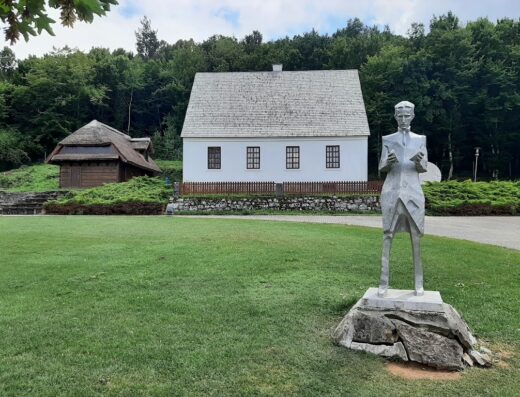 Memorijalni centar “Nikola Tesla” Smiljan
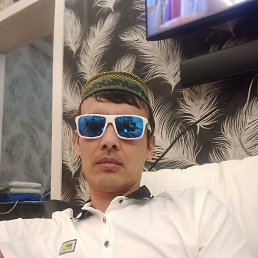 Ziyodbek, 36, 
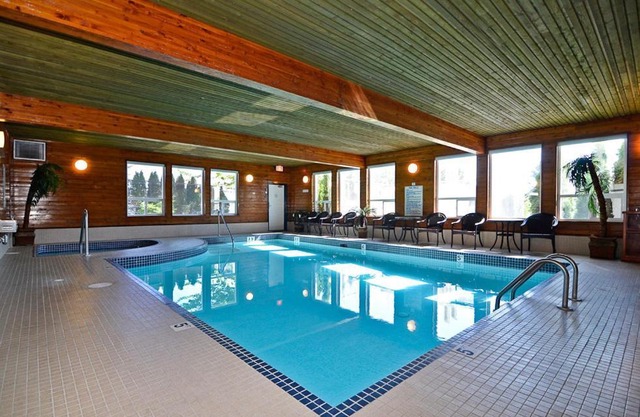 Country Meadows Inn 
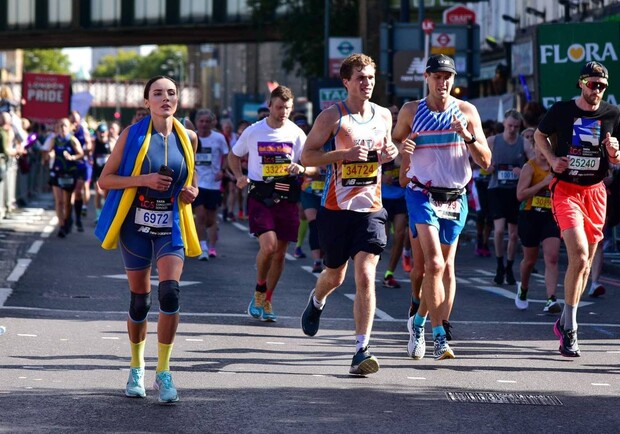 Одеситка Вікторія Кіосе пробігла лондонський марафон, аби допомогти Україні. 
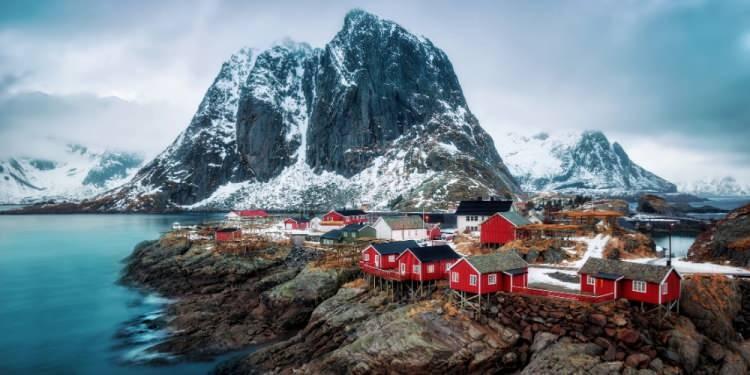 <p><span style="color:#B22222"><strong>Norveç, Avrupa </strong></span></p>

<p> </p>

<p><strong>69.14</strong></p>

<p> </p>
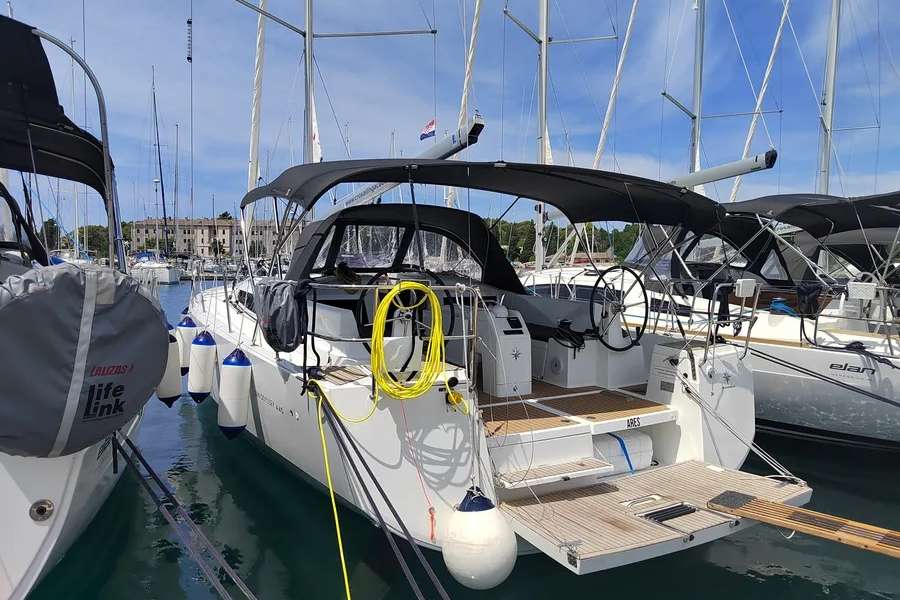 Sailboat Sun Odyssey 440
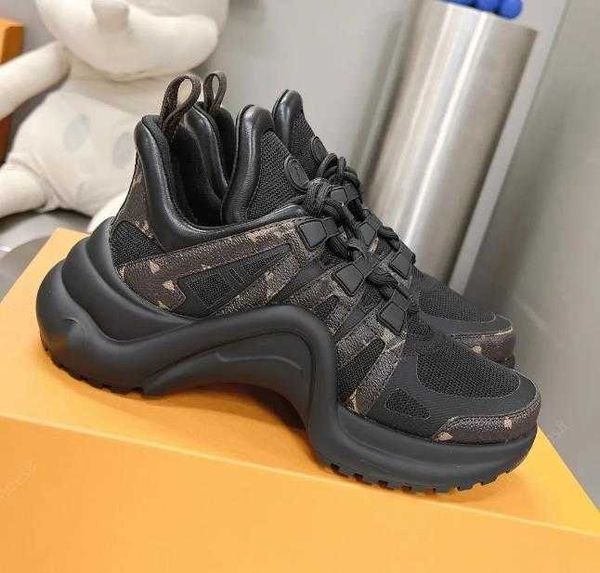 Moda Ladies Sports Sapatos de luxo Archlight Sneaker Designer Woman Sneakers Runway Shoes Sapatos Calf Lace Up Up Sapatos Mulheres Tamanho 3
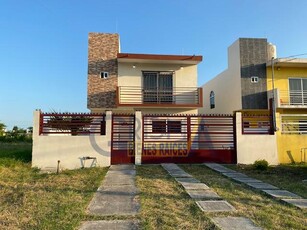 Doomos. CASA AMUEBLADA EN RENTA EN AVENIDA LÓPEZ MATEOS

What to do: Write the records above out again exactly, with no pictures in your copy.

Answer area:
 Memorijalni centar “Nikola Tesla” Smiljan
 Ziyodbek, 36, 
 Country Meadows Inn 
 Одеситка Вікторія Кіосе пробігла лондонський марафон, аби допомогти Україні. 
 <p><span style="color:#B22222"><strong>Norveç, Avrupa </strong></span></p>

<p> </p>

<p><strong>69.14</strong></p>

<p> </p>
 Sailboat Sun Odyssey 440
 Moda Ladies Sports Sapatos de luxo Archlight Sneaker Designer Woman Sneakers Runway Shoes Sapatos Calf Lace Up Up Sapatos Mulheres Tamanho 3
 Doomos. CASA AMUEBLADA EN RENTA EN AVENIDA LÓPEZ MATEOS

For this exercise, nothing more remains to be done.